BPN Soal Kasus Dino Patti Djalal: Kami Juga Kena Penipuan

  • Whatsapp
Menteri ATR/Kepala BPN Sofyan Djalil membeberkan kronologi kasus peralihan nama sertifikat tanah milik orang tua Dino Patti Djalal. (CNN Indonesia/Feri Agus Setyawan).

JurnalPatroliNews – Jakarta, Menteri Agraria dan Tata Ruang (ATR)/Kepala Badan Pertanahan Nasional (BPN) Sofyan Djalil mengakui pihaknya kecolongan dalam kasus peralihan nama sertifikat tanah milik orang tua Dino Patti Djalal.
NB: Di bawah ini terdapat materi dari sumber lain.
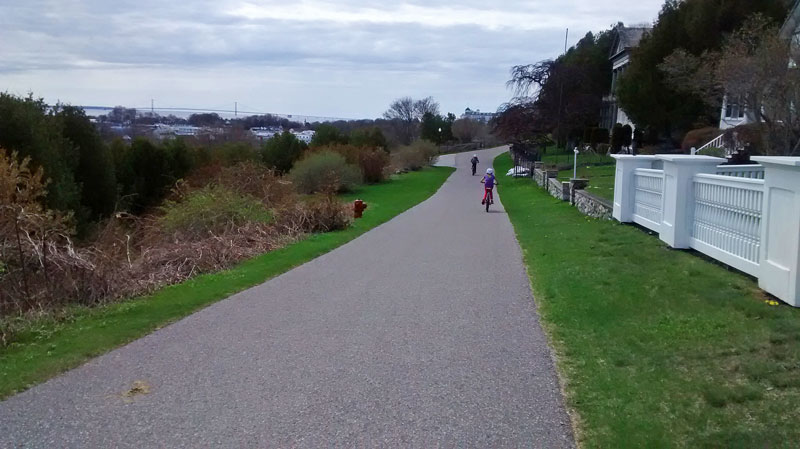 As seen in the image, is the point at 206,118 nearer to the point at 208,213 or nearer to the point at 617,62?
the point at 617,62

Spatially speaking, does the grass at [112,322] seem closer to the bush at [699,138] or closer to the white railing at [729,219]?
the white railing at [729,219]

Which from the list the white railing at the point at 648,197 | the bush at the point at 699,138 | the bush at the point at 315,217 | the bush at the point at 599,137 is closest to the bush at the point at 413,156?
the bush at the point at 599,137

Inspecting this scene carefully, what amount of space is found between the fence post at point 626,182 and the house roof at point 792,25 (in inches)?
520

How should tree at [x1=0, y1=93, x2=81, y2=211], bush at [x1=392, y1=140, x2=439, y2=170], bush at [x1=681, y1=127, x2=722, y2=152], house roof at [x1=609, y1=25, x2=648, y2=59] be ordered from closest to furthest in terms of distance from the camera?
1. tree at [x1=0, y1=93, x2=81, y2=211]
2. bush at [x1=681, y1=127, x2=722, y2=152]
3. house roof at [x1=609, y1=25, x2=648, y2=59]
4. bush at [x1=392, y1=140, x2=439, y2=170]

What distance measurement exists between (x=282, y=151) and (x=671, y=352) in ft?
138

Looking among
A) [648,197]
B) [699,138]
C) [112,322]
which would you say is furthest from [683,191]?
[699,138]

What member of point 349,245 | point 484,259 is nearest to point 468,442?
point 484,259

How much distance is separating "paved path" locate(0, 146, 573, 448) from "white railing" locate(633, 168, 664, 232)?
3357mm

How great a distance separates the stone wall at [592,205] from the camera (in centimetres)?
1766

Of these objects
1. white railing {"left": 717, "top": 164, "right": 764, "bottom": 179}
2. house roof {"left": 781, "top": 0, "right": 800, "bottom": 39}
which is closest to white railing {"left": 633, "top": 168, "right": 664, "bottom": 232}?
white railing {"left": 717, "top": 164, "right": 764, "bottom": 179}

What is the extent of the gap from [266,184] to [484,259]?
11118mm

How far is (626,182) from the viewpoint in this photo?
15.2 metres

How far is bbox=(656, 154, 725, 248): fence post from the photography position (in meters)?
11.0

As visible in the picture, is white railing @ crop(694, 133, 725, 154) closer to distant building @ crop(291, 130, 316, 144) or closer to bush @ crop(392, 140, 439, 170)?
distant building @ crop(291, 130, 316, 144) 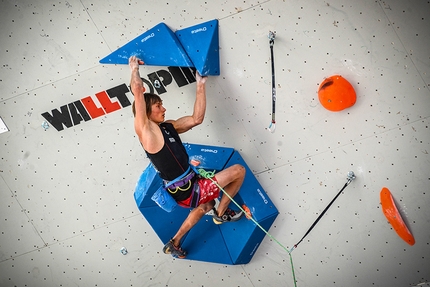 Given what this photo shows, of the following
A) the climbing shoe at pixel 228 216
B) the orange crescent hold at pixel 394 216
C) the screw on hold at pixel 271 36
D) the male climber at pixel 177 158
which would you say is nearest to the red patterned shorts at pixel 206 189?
the male climber at pixel 177 158

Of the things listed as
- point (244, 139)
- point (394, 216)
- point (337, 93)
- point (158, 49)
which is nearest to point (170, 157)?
point (244, 139)

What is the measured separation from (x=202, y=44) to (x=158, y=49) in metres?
0.30

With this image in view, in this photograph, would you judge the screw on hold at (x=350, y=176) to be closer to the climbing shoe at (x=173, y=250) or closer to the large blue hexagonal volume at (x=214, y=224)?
the large blue hexagonal volume at (x=214, y=224)

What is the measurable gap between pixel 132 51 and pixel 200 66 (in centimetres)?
50

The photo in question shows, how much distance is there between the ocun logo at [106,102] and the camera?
3092 millimetres

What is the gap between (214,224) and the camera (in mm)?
3271

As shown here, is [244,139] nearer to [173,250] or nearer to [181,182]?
[181,182]

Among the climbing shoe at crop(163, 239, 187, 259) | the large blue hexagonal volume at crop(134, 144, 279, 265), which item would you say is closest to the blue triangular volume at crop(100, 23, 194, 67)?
the large blue hexagonal volume at crop(134, 144, 279, 265)

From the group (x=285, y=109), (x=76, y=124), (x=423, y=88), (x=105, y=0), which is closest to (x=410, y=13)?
(x=423, y=88)

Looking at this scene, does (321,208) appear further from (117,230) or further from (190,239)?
(117,230)

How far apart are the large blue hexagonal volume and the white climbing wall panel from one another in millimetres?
105

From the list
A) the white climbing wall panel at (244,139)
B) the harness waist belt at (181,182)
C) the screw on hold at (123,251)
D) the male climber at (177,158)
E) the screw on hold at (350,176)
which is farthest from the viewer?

Pasalnya, BPN turut meloloskan pengubahan nama pada sertifikat rumah milik orang tua mantan wakil menteri luar negeri tersebut.

Bacaan Lainnya

“Sebenarnya kalau di BPN ini, kami juga kena penipuan, karena orang datang dengan KTP-nya seolah-olah KTP orang yang bersangkutan, ya, ada fotonya di situ, ada KTP-nya padahal itu adalah hasil rekayasa,” ujarnya dalam konferensi pers, Kamis (11/2).

Sofyan menjelaskan pelaku kasus penipuan tersebut mendatangi kantor BPN dengan membawa sertifikat asli beserta KTP lama dari orang tua Dino. KTP non elektronik tersebut juga dipalsukan pada bagian foto sehingga menyulitkan proses identifikasi.

“Itu sulit sekali (dicegah) karena kebetulan itu bukan KTP elektronik. Makanya kalau KTP elektronik relatif jauh lebih mudah mencegah,” lanjutnya.

Kini, ujar Sofyan, BPN bersama kepolisian tengah melakukan proses penyelidikan apakah ada keterlibatan notaris atau pejabat pembuat akta tanah (PPAT) dalam kasus penipuan tersebut.

“Kalau notaris terlibat kita akan investigasi, PPAT terlibat kita akan investigasi, kalau dia tidak hati-hati, kita akan mengambil hukuman disiplin pada PPAT tersebut, misalnya,” jelasnya.

Menurut Sofyan kasus Dino Patti Djalal juga menyadarkan publik bahwa mafia tanah masih banyak yang bergentayangan.

Oleh karena itu, ia mengimbau masyarakat untuk berhati-hati dalam melakukan transaksi jual-beli rumah, atau transaksi lainnya yang menyebabkan sertifikat beserta data pribadi berpindah tangan.

“Walaupun sudah banyak yang ditangkap tapi biasanya yang penjahat begitu dia residivis, seperti dikemukakan tadi, bahwa dalam kasus ini pernah ada yang ditangkap sebelumnya,” tegasnya.